Shipping containers stacked at the Port of Mombasa
Containers with imported goods and cranes at the Port of Mombasa, Kenya's main gateway for construction materials and equipment from China. | Nation
Sharp new Maersk Peak Season Surcharge on cargo from China and Hong Kong to Mombasa will push 40-foot container costs to Sh260,000 starting June 15.

Importers in Kenya are bracing for higher business costs following a decision by Danish shipping giant Maersk to increase freight charges on cargo moving from China and Hong Kong to East African ports.

The new charges take effect on June 15. They revise the Peak Season Surcharge, or PSS, for shipments to Mombasa and Dar es Salaam. Maersk, which handles more than 60 percent of Kenya's cargo, said the rates will remain in force until further notice.

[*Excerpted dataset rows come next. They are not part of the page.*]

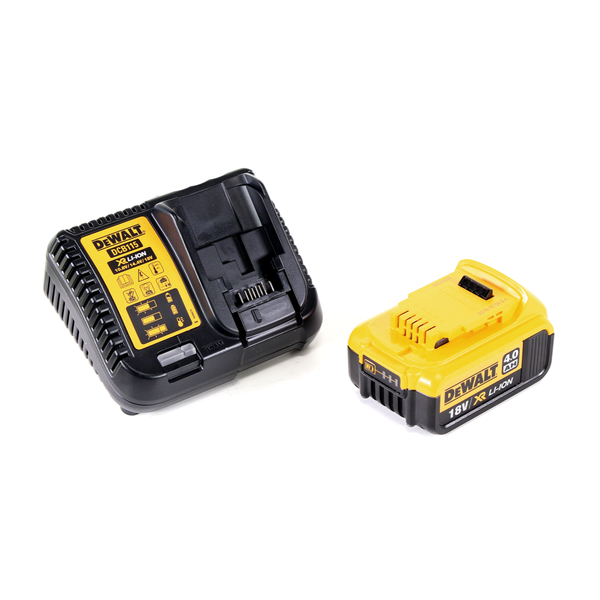 DeWalt Ladegerät DCB115 und Lithium-Ionen-Akku mit 18 Volt und 4,0 Amperestunden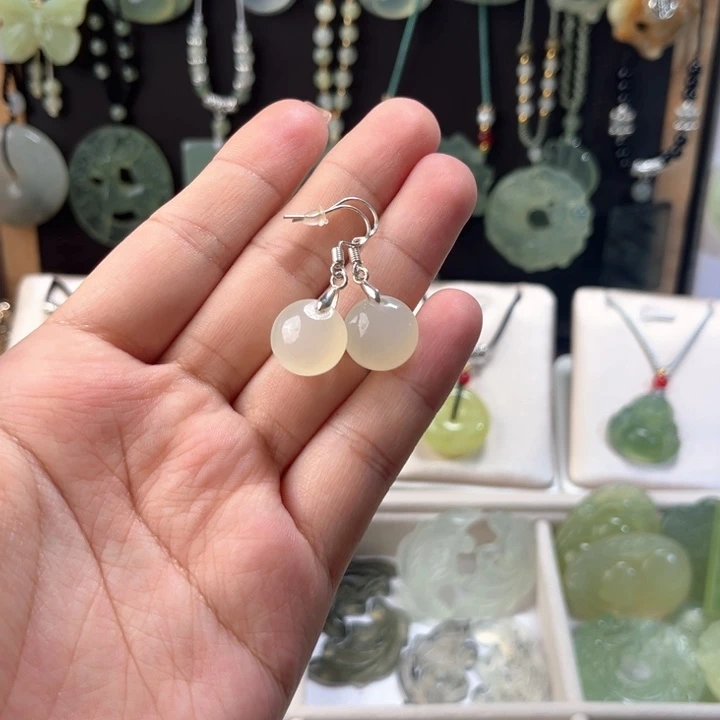 未镶嵌蛇纹石玉耳坠福利耳坠默认有棉多样性发其一不退不换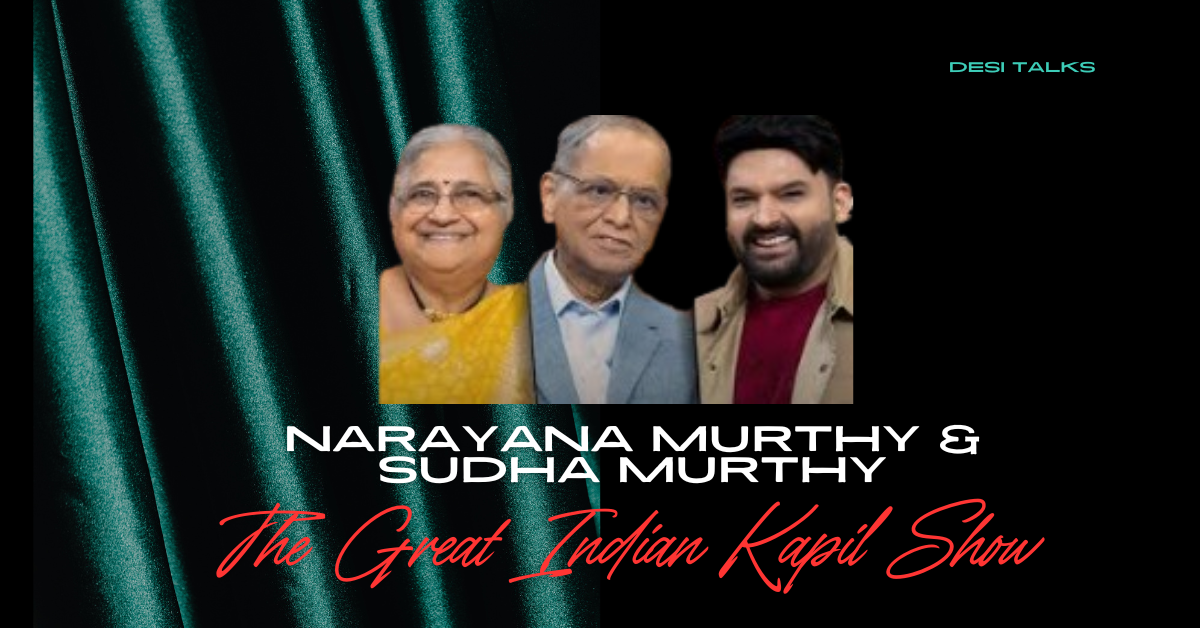 Narayana Murthy Recalls Anniversary Surprise for Sudha Murty on ‘The Great Indian Kapil Show’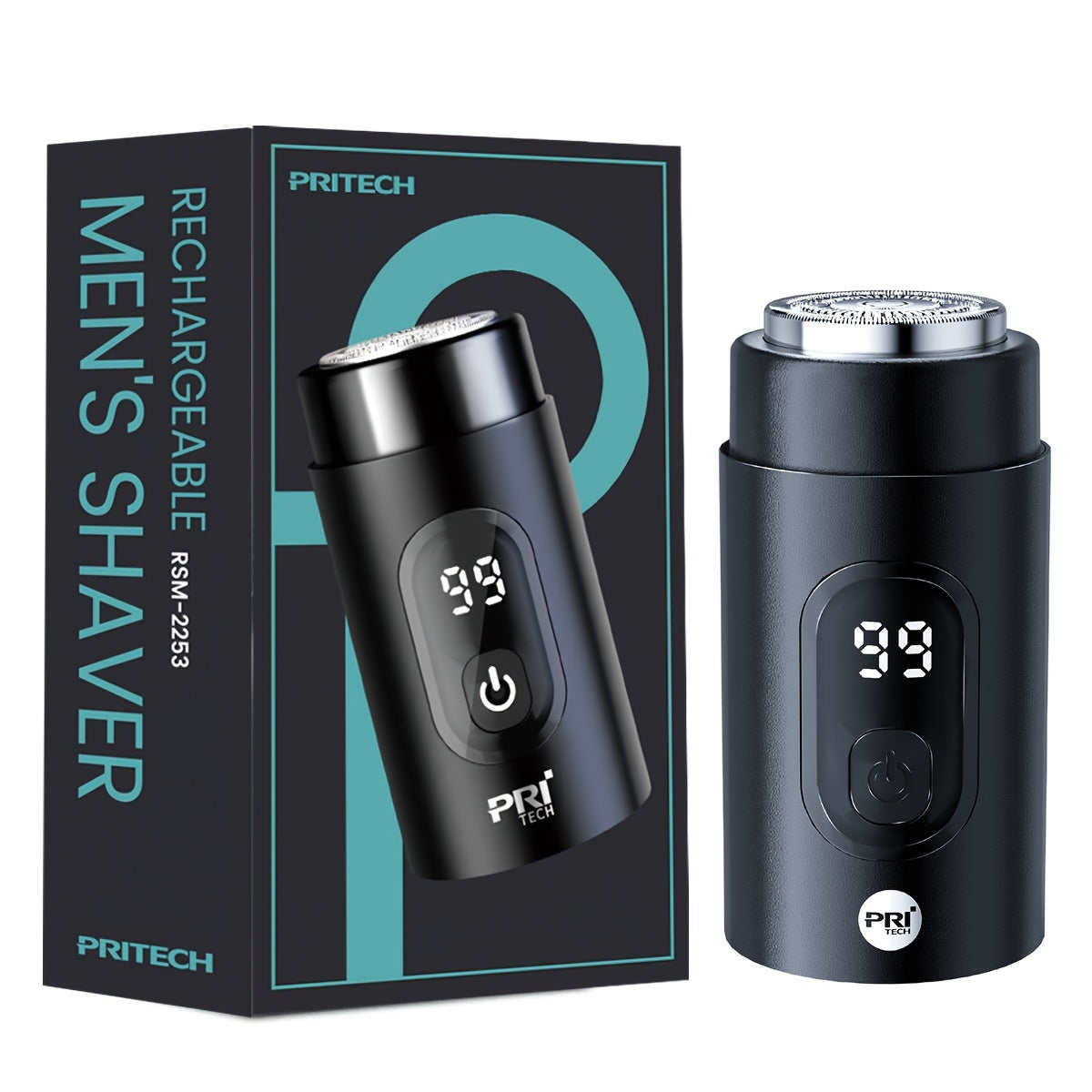 TEMU Pritech Portable Electric Shaver, Rechargeable Shaver For Men, Big Shaving Blade, Electric Beard Trimmer, Daily Shaving, For Travel, Car Use,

For a 20-foot container arriving at Mombasa, the surcharge rises to Sh130,000 from Sh118,000. The jump proves far steeper for 40-foot containers, climbing to Sh260,000 from Sh142,000. Industry players describe this as one of the most significant freight increases in recent years.

China stands as one of Kenya's largest trading partners. It supplies consumer products, industrial equipment, electronics and substantial volumes of construction materials. Steel products, machinery and other inputs essential for roads, housing and large infrastructure schemes make up a notable share of these imports.

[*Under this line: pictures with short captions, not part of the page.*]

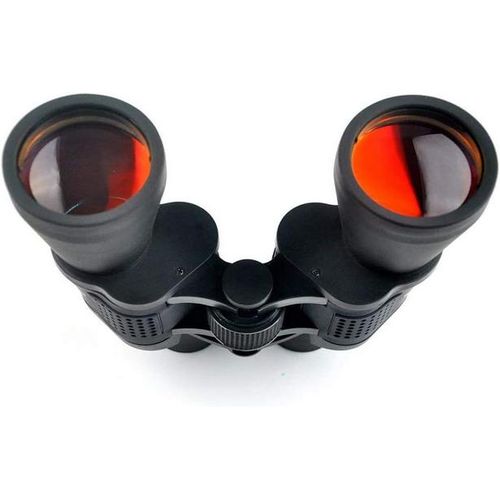 60X60 Telescopic Long Distance 3 Kilometers Binoculars Telescope Green Membrane Spy Spotting Scope Heavy Duty High Definition For Concert Hiking Night Vision High Power High Definition Red Film Telescope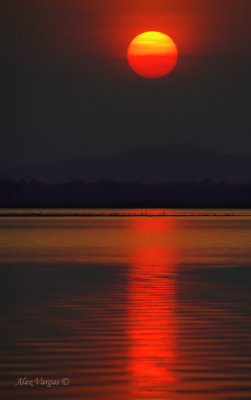 Bueng Boraphet (lake) at sunset 2011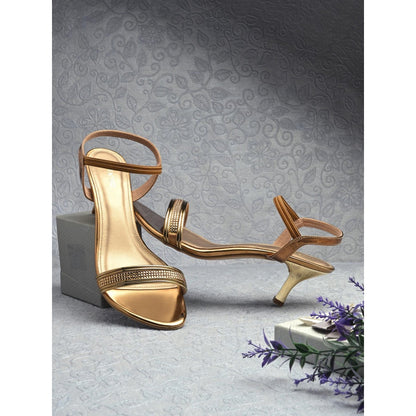 Valentino Women Premium Bronze Sandal Heels
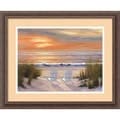 Diane Romanello 'Paradise Sunset' Framed Art Print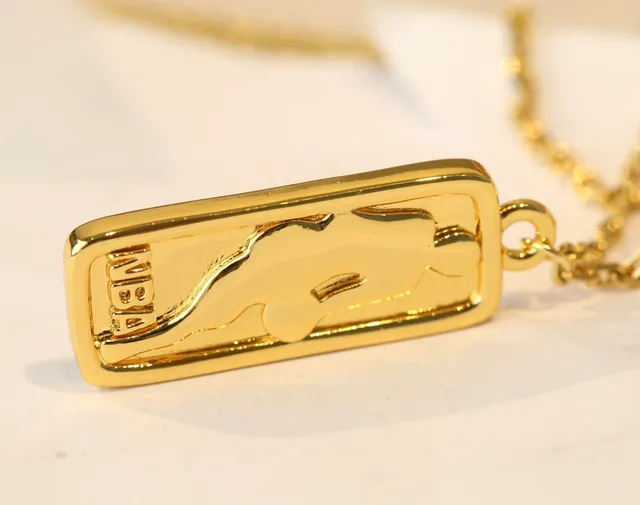 Louis Vuitton x NBA Gold Chain LV Monogram Charm Necklace 5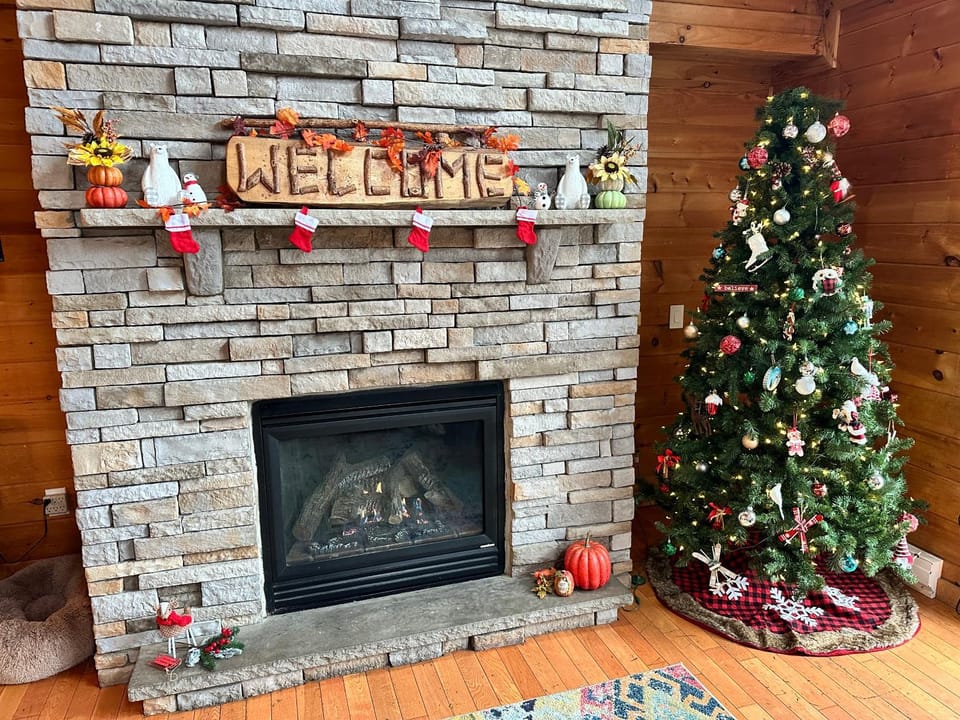 Decorative detail, fireplace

East African economies depend heavily on Chinese goods. Businesses draw on the Asian giant for machinery, vehicles, raw materials and manufactured items that keep projects moving. Trade data show China accounts for about a quarter of the region's imports.

Kenya imported goods worth approximately $4.3 billion from China in 2025. Key categories included machinery, industrial equipment, electronics, vehicles, construction materials and steel products. Exports to China remain modest, mainly agricultural goods and titanium ore.

This imbalance leaves local businesses exposed when shipping costs climb. Higher freight charges translate into elevated landed costs. Those expenses often pass down the supply chain to contractors and end users.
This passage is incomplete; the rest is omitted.